Set down, word for word, each line from the top of the data through the line that has "Jessie & James"; omit every picture.

[Short web captions]
┄┄┄┄┄┄┄┄┄┄┄┄┄┄┄┄┄┄┄┄

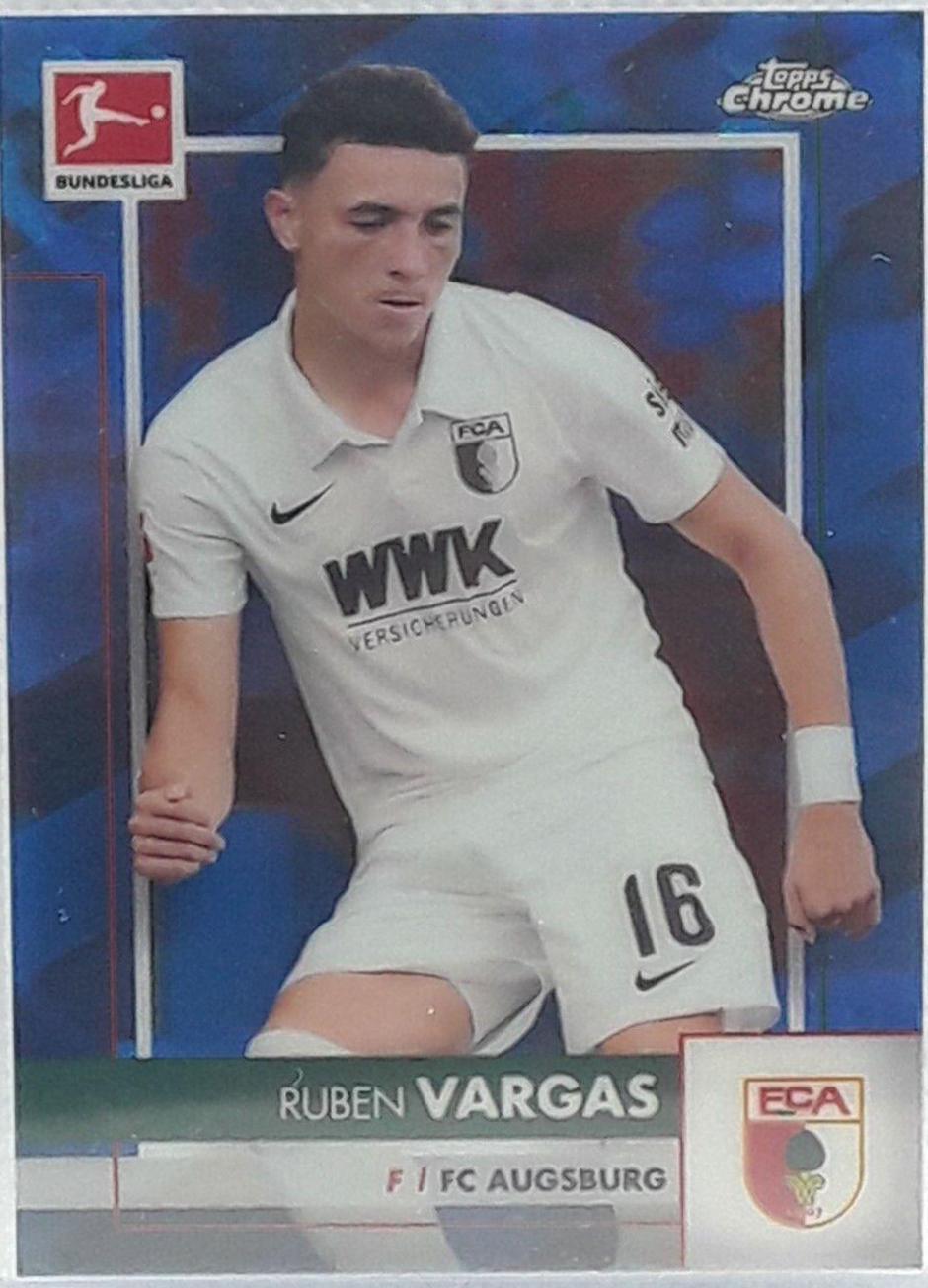Ruben Vargas #3 Soccer Cards 2020 Topps Chrome Bundesliga Sapphire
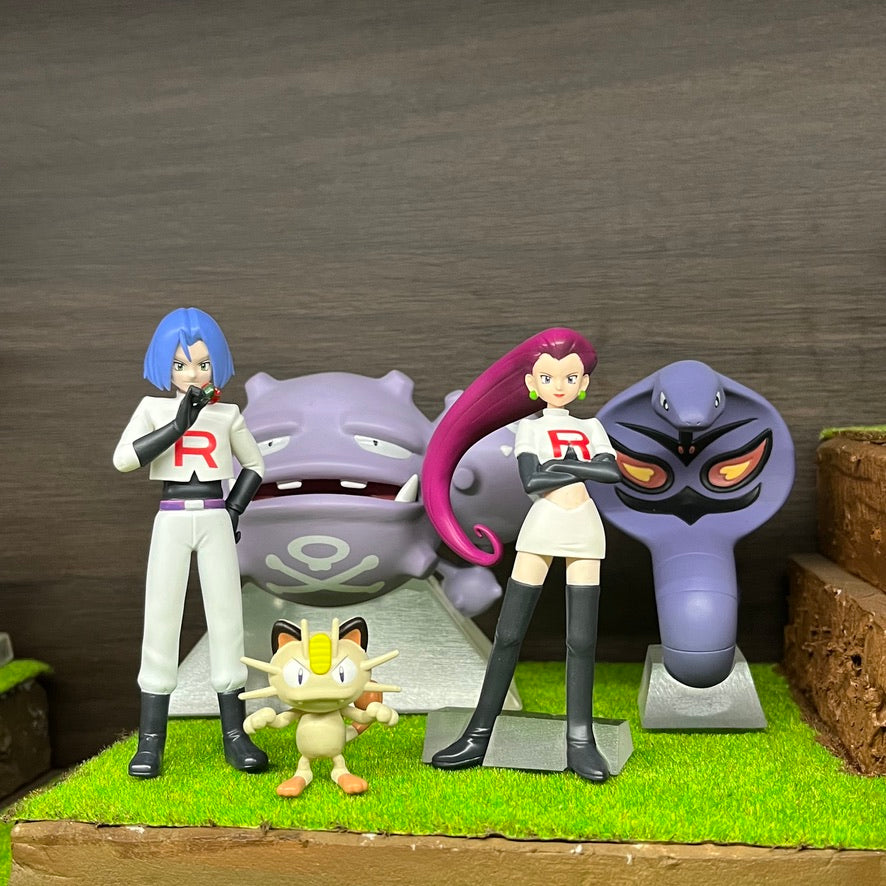 Jessie & James Meowth Pokemon Center figures Japanese Ichiban kuji high quality Team Rocket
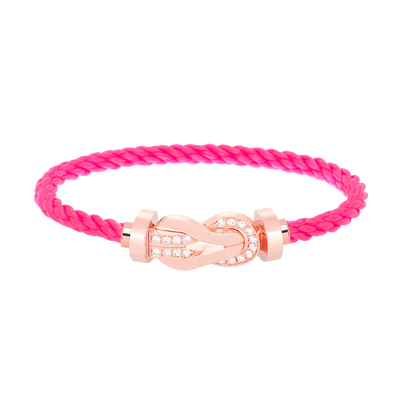 [Kincade Jewelrys] PULSERA GRANDE DE OCHO FIGURAS CON HEBILLA DE MEDIO DIAMANTES EN ORO ROSA
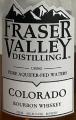 Fraser Valley Colorado Bourbon Whisky Using Pure Aquifer-Fed Waters 43% 750ml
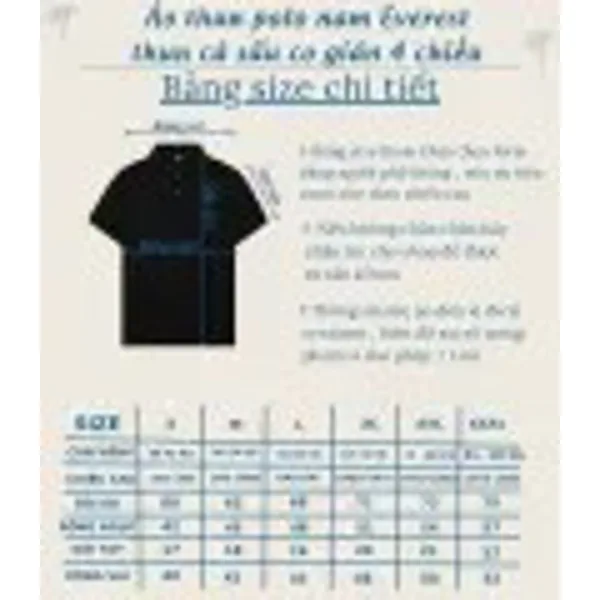 Bộ 3 áo thun polo nam trơn vải cá sấu co giản 4 chiều thời trang Everest Nhiều màu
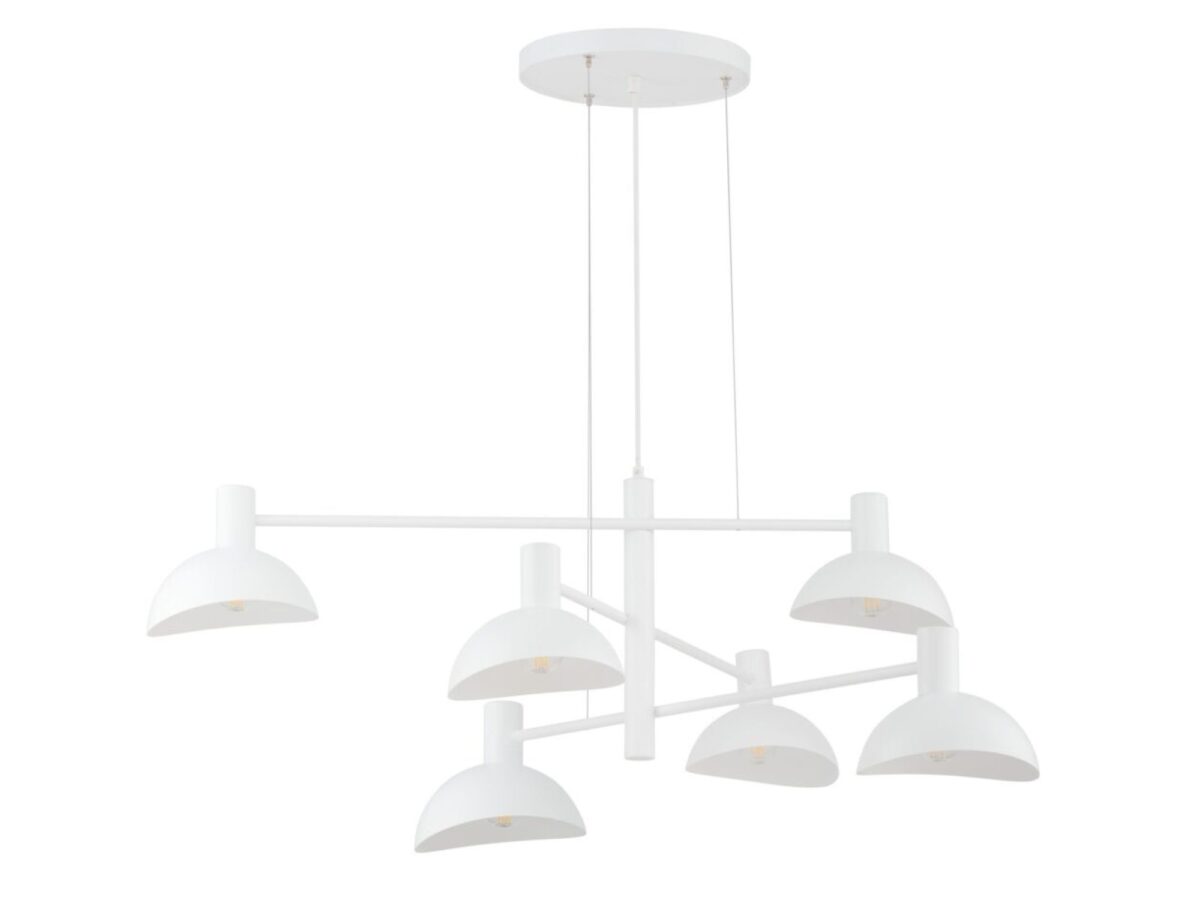Lampa wisząca Artis 6-punktowa z metalowymi kloszami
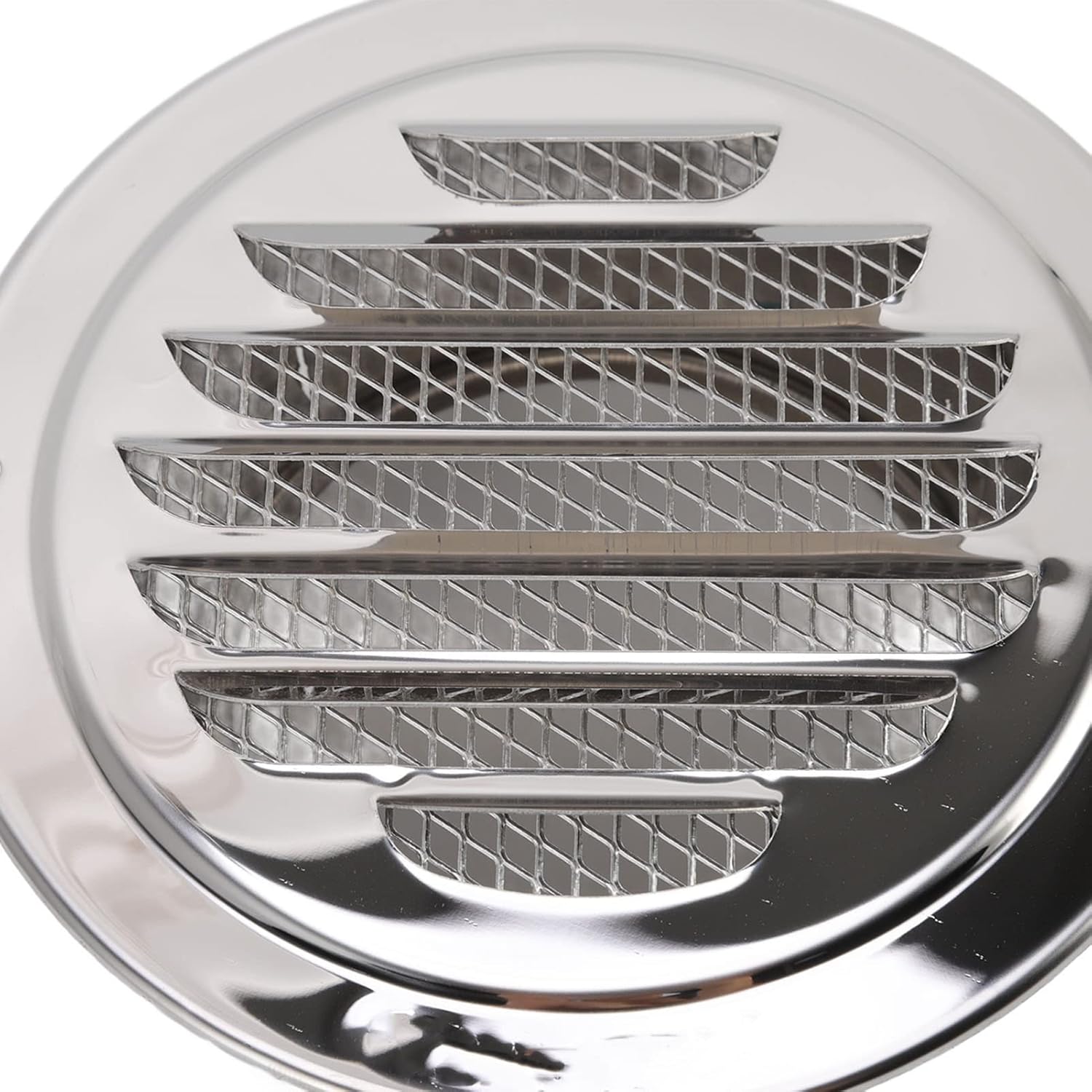 Couvercle de ventilation rond inox 304, 160mm, résistant corrosion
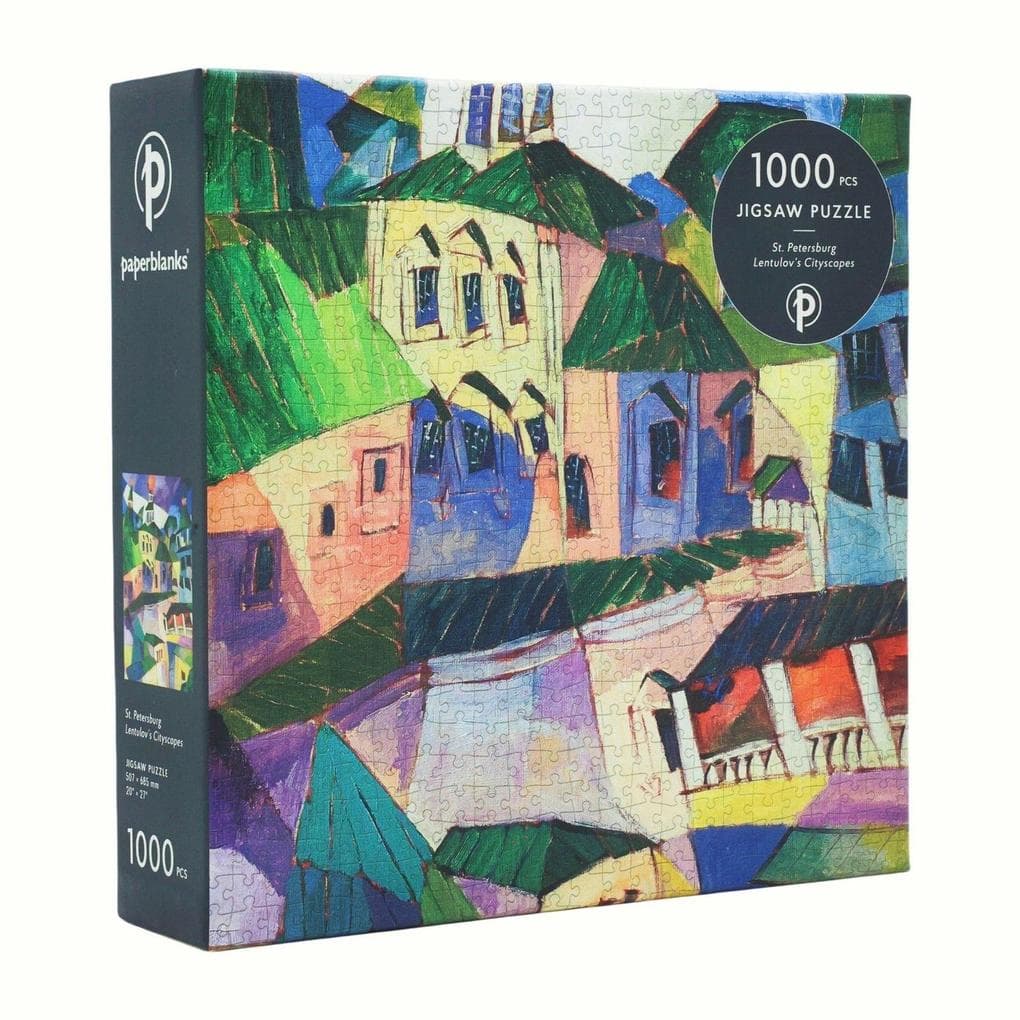 St. Petersburg 1000 Piece Jigsaw Puzzle by Paperblanks (Lentulov's Cityscapes)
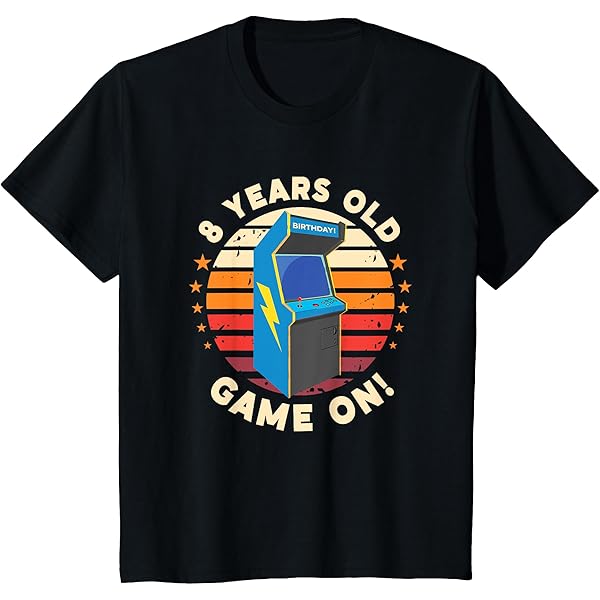 Amazon.com: 6 Year Old Birthday Wear Retro Arcade Game On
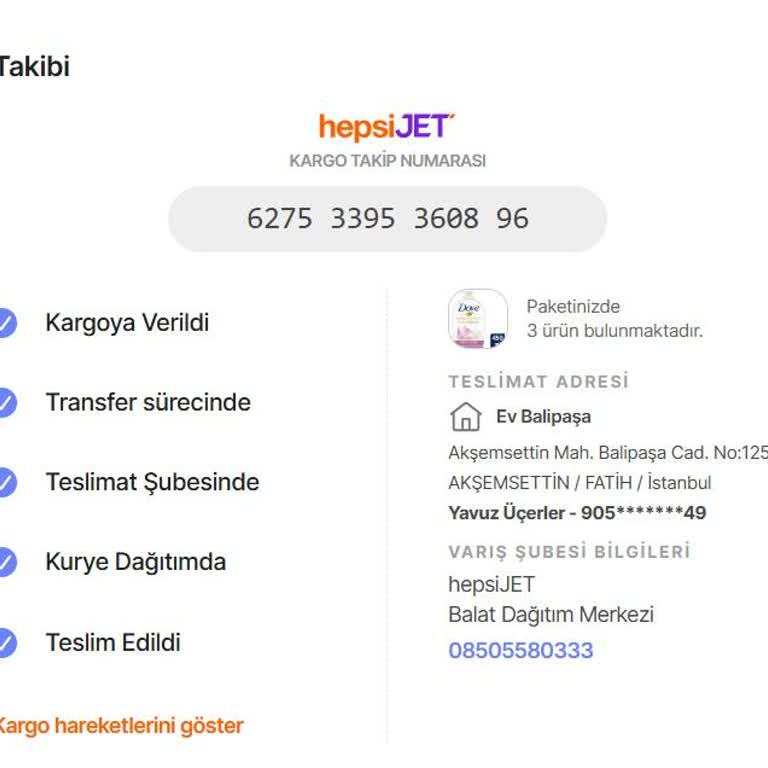 Hepsijet Kargo Dağıtıcısının Nezaketsiz Davranışı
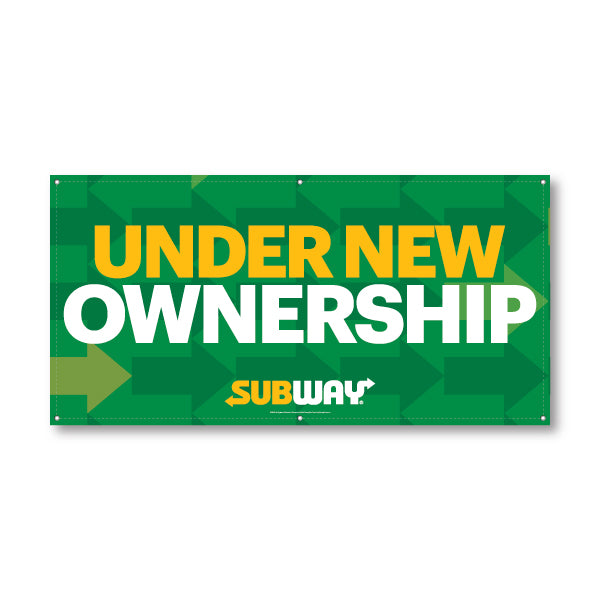 Under New Ownership Banner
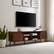 Alt View 12. Walker Edison - 70" Mid-Century Modern Simple 2-Door TV Stand for TVs up to 80" - Dark Walnut.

┄┄┄┄┄┄┄┄┄┄┄┄┄┄┄┄┄┄┄┄

● **Response**:
Ruben Vargas #3 Soccer Cards 2020 Topps Chrome Bundesliga Sapphire
 Jessie & James Meowth Pokemon Center figures Japanese Ichiban kuji high quality Team Rocket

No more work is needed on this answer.